Recorded information:
::::

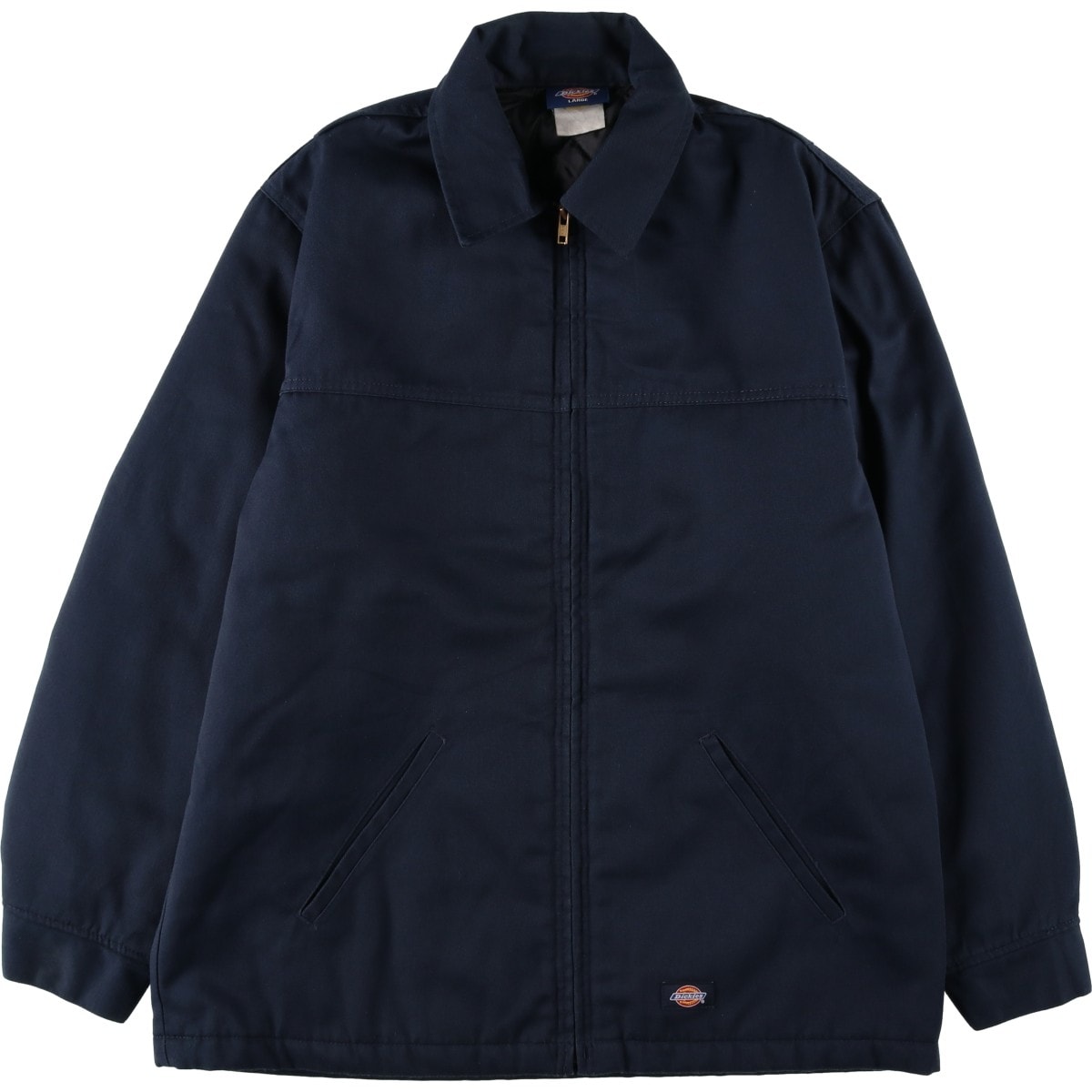 古着 ディッキーズ Dickies 中綿入り ワークジャケット メンズL相当/eaa646204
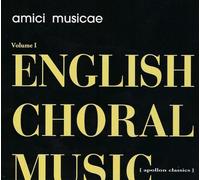 Amici Musicae, Leipzig VARIOUS:ENGLISH CHORAL MUSIC (CD) Album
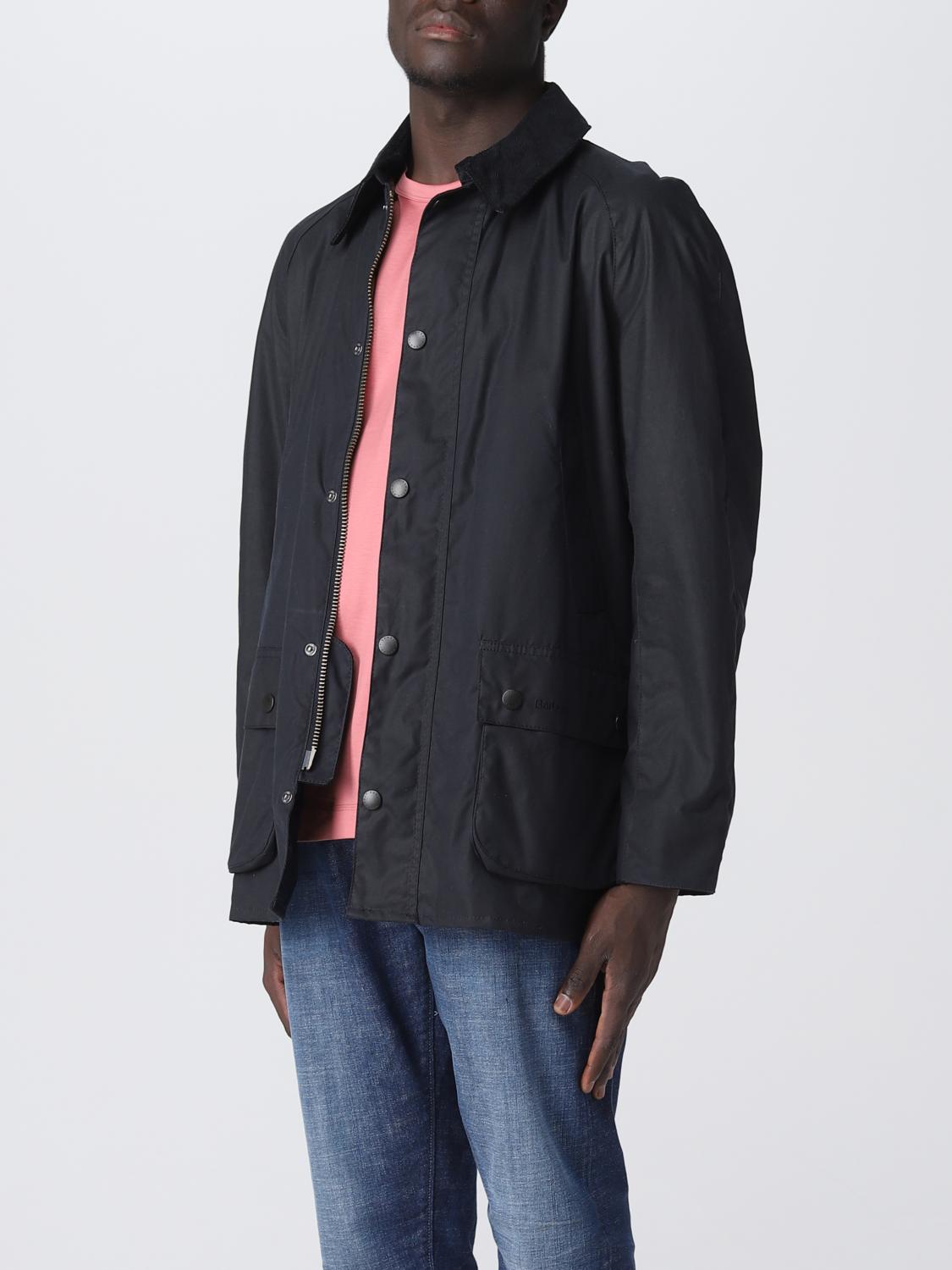 BARBOUR ジャケット: Barbour ワックスドナイロンジャケット, ブルー - Img 3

::::

Work order:
Retype each line above exactly. Leave the images out.

Solution to this task:
 古着 ディッキーズ Dickies 中綿入り ワークジャケット メンズL相当/eaa646204
 Amici Musicae, Leipzig VARIOUS:ENGLISH CHORAL MUSIC (CD) Album
 BARBOUR ジャケット: Barbour ワックスドナイロンジャケット, ブルー - Img 3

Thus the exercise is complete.